Since enabling this automation, we have seen around 50% of all the passed builds include at least 1 quarantined test failure (which would have been retried and potentially fail the build). We’ve eliminated the need for manual intervention to manually quarantine flaky tests, which means the newly introduced flaky tests are now quarantined within an hour instead of more than a day. At the same time, the developer perceived build failures due to flaky test has dropped from roughly 5% (with manual oncall responses) down to less than 2%. The new quarantine approach also has the advantage of preserving the actual failure reasons instead of skipping the test execution, so developers can investigate much more easily. We’ve also seen good engagement from engineers to act on their flaky tests, thanks to our Airtable Interfaces and Automations to publish digests to Slack.

Future work

The system has been working great for us since its launch.
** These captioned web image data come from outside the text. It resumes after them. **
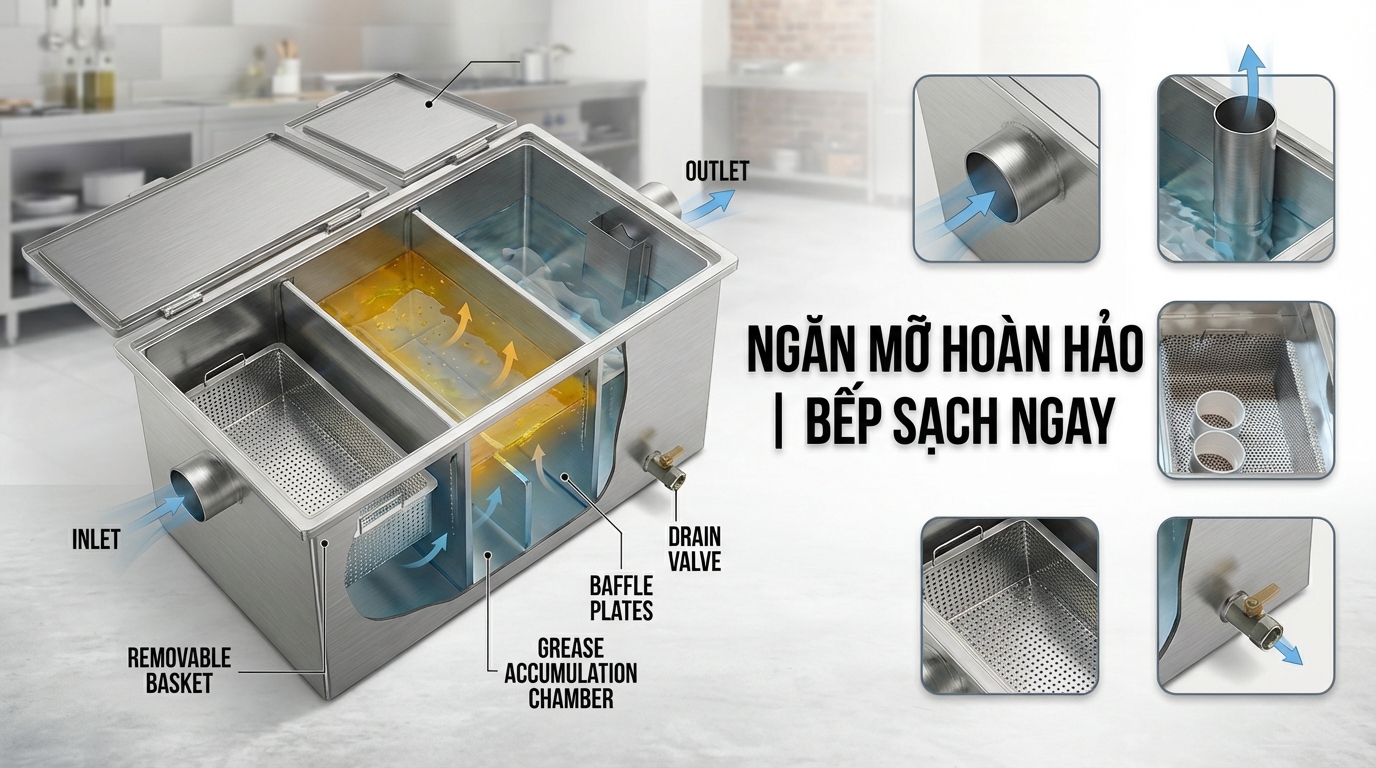 Bảng giá Bể tách mỡ nhà hàng tham khảo (2026)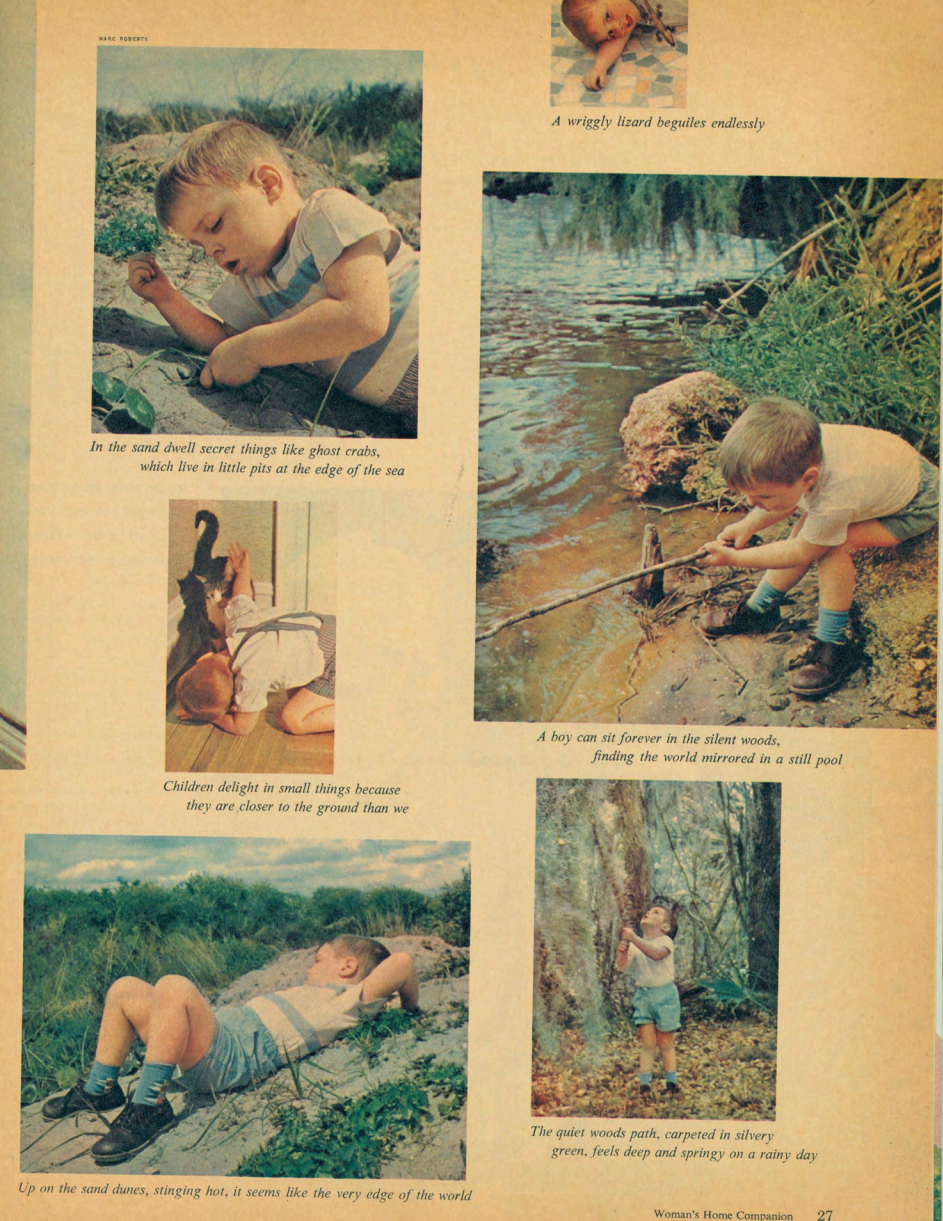 A yellowed page from Woman's Home Companion (page 27), featuring vintage color photos of young boys exploring nature—examining sand near the sea, playing with a cat, poking a stick into a woodland stream, lying on sand dunes, and standing in rainy woods. Each photo has a poetic caption, such as "A boy can sit forever in the silent woods, finding the world mirrored in a still pool."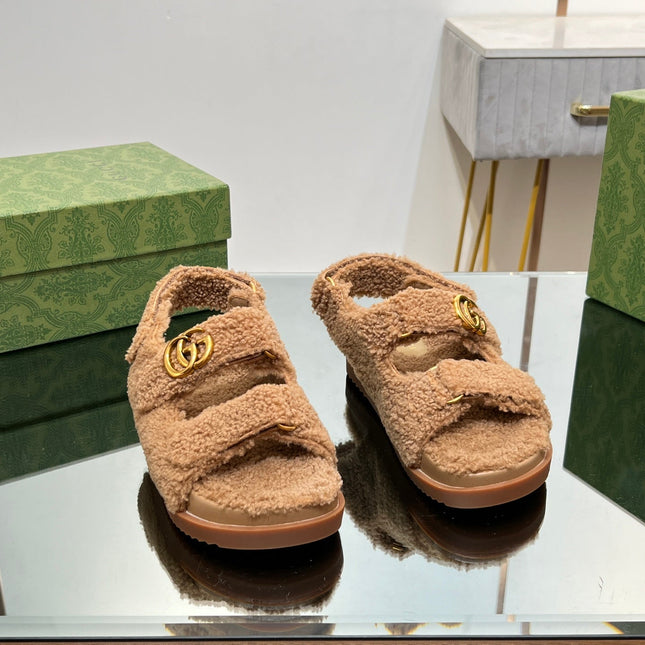 DAD SANDALS IN CIDER BROWN FLEECE WITH GOLD HARDWARE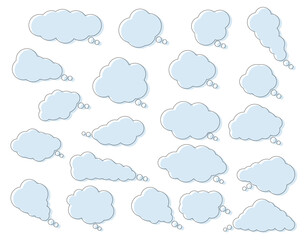 雲のようなモコモコのシンプルな吹き出しのセット　色ズレ・青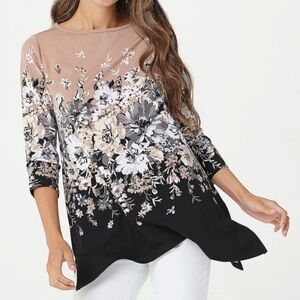 Isaac Mizrahi live Floral Black and Tan tunic top size M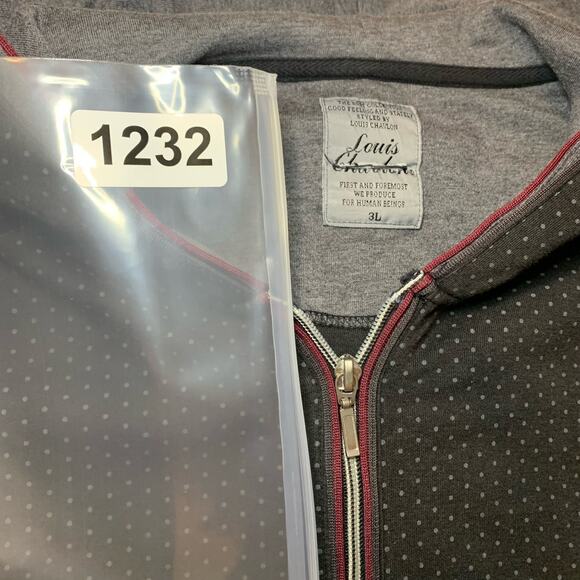 LOUIS CHAVLON Men’s Charcoal Grey Red Trim Full Zip Front Jacket Size 3XL - Picture 15 of 15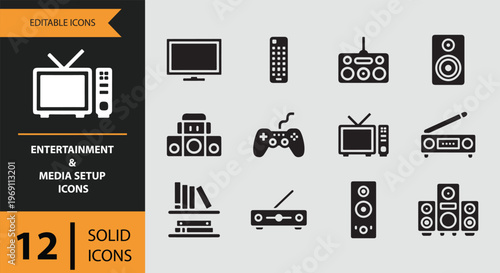 Entertainment and media setup icons in solid black style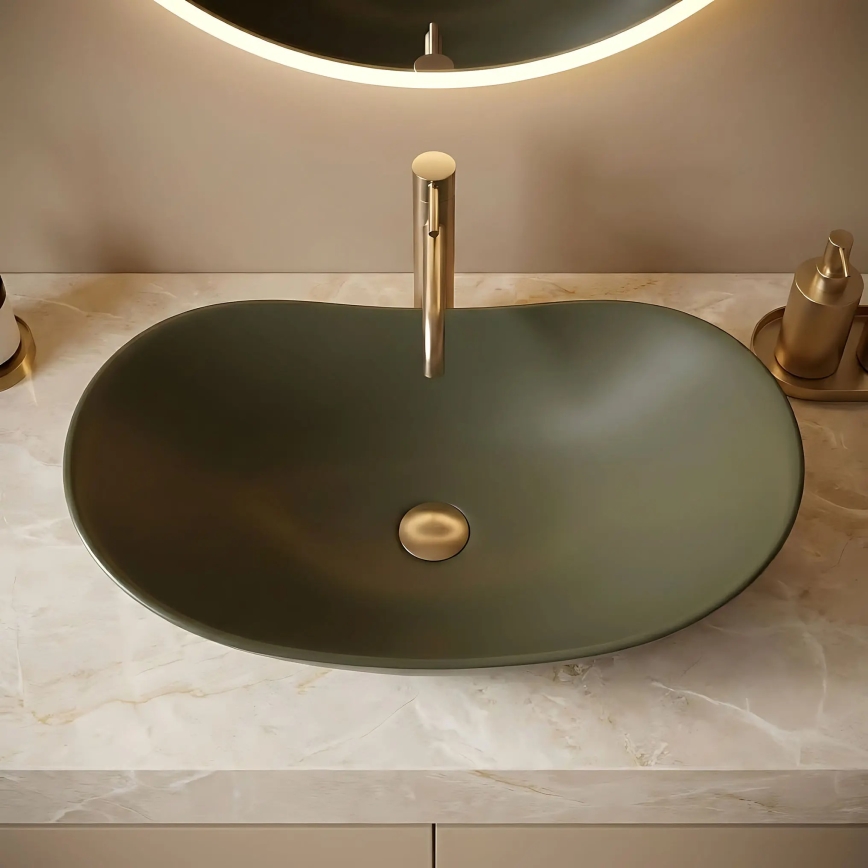 REA-U6372 - Lavabo da appoggio ROYAL 35,5x61,5 cm ceramica/verde oliva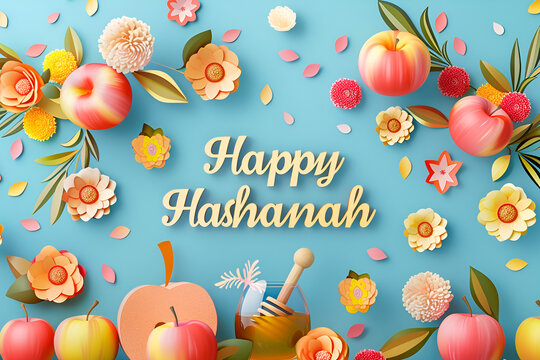 Text Happy Hashanah on pastel blue background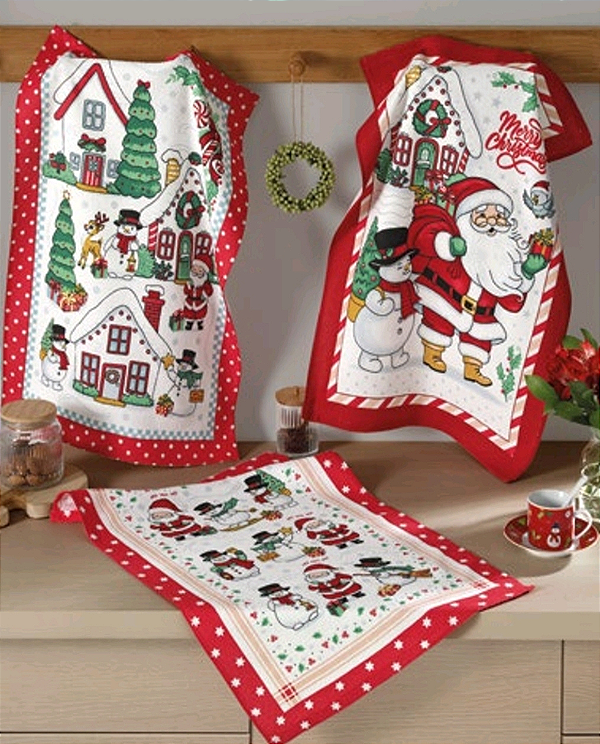 Jogo de Pano de Copa Felpudo Prata Döhler Natal 118 - 3 peças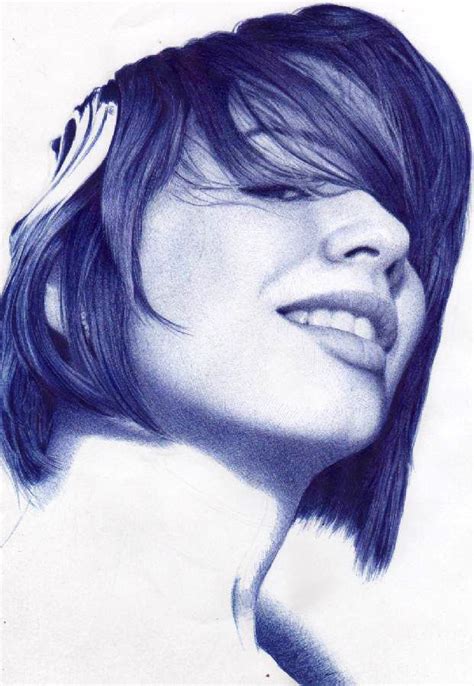 Wip Blue Bic Pen Drawing By Lopezlorenzana On Deviantart Portrait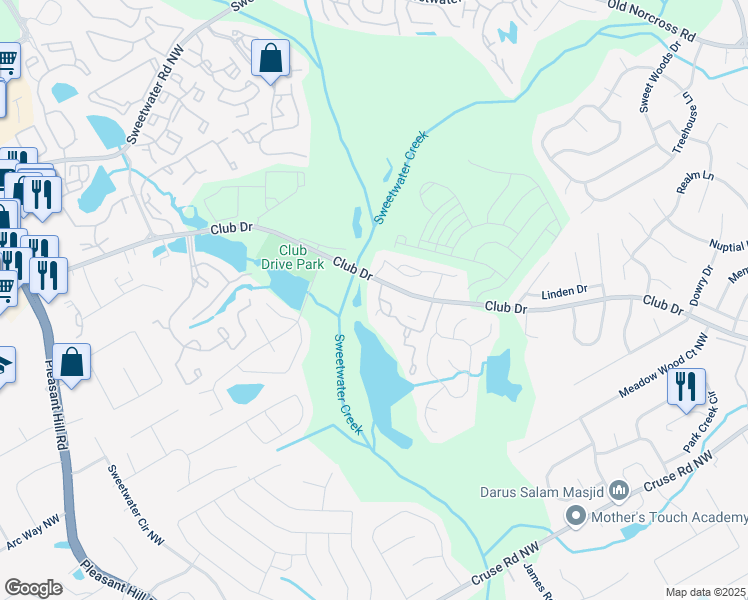 map of restaurants, bars, coffee shops, grocery stores, and more near 1104 Country Court in Lawrenceville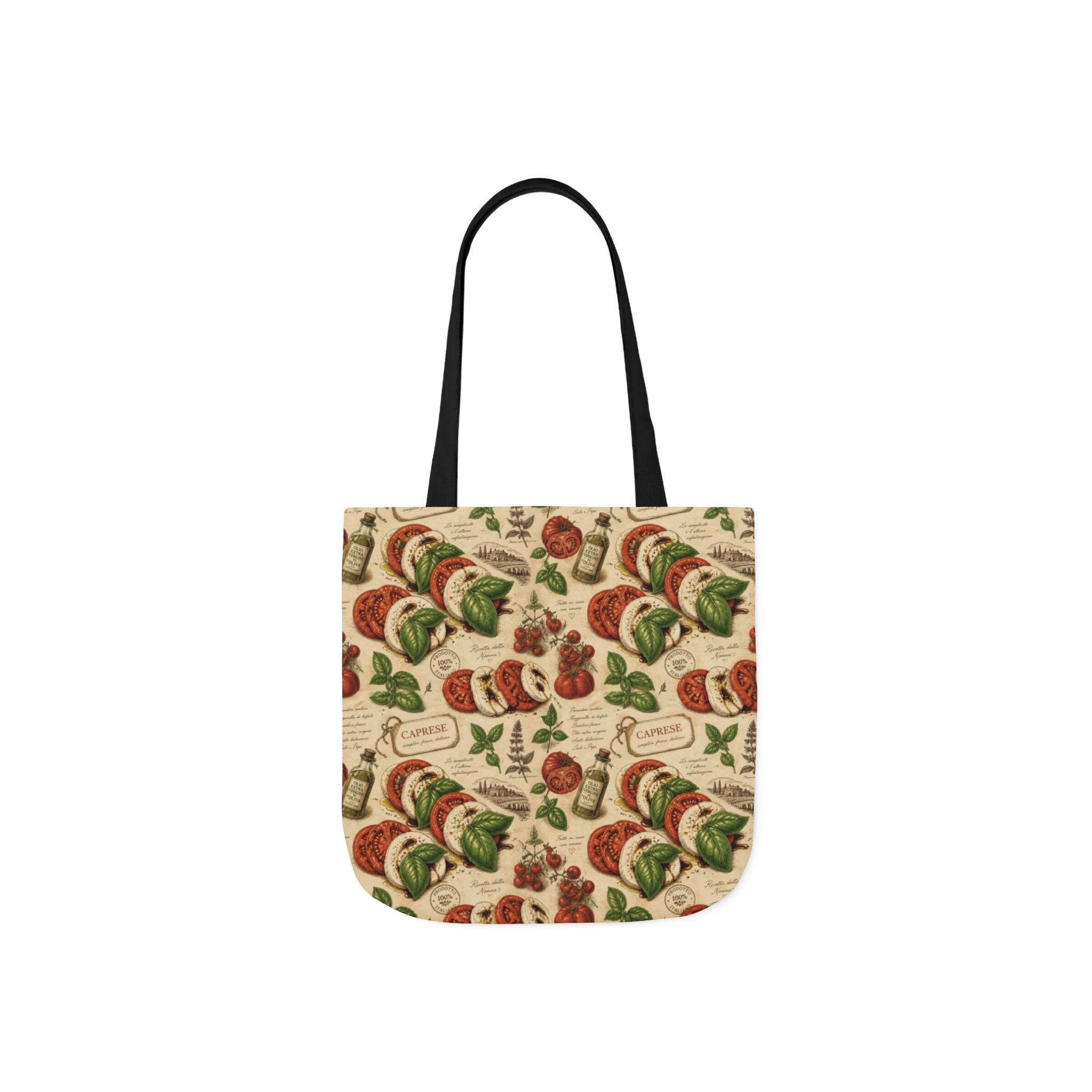 Caprese Arrangement Canvas Tote Bag Mediterranean Kitchen Botanical Design Italian Cottagecore Gift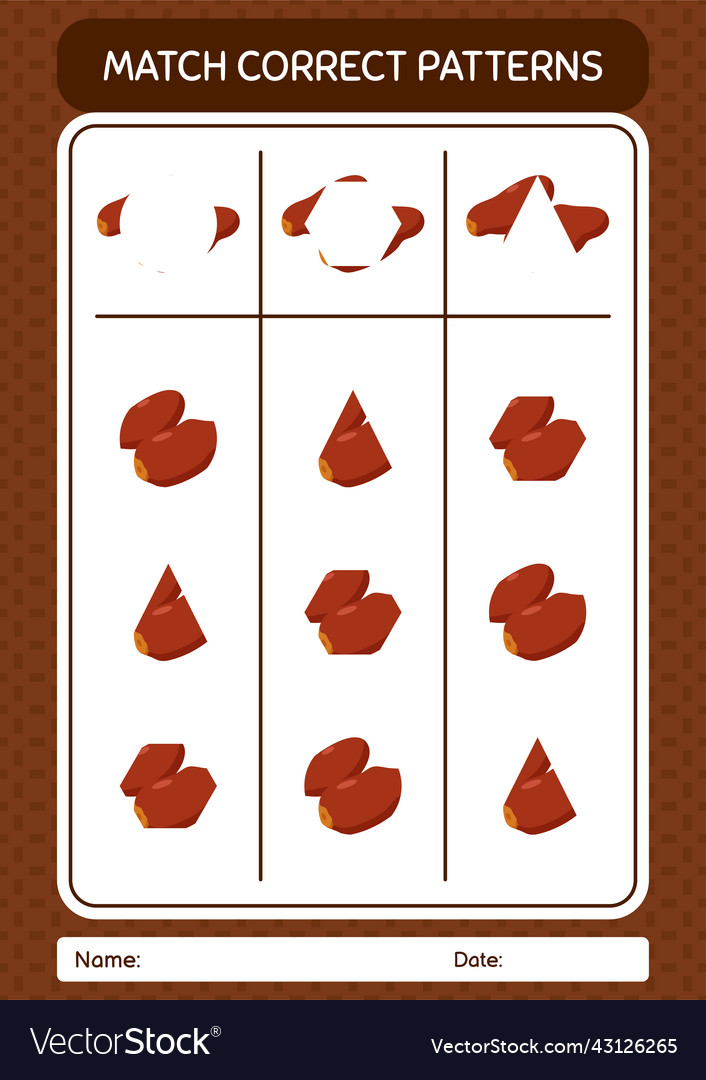 Match pattern game with dates fruit worksheet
That said, it’s still not perfect, we plan to improve the user experience and efficiency in the near future:

  1. Faster stress test so that the system can determine test status more quickly.
  2. Test attempt failure reporting can happen in real-time to improve the time-to-quarantine.
  3. Better culprit finding support and root cause analysis to help developers fixing the issues.
  4. IDE integration to highlight flaky tests.
  5. Generate insights of frequently quarantined tests to facilitate in the code reviews tooling.
  6. Being able to differentiate new errors in the same test, e.g., by using error stacktraces.

Conclusions

Flaky tests are unavoidable in a large monorepo codebase. We’ve found quarantining flaky tests is an effective approach to enable developer velocity while keeping the codebase healthy. Managing quarantined tests requires insights from the data and tooling to automate the entire process, sharing the data with owner teams can help connect everyone to the shared goal.

--

--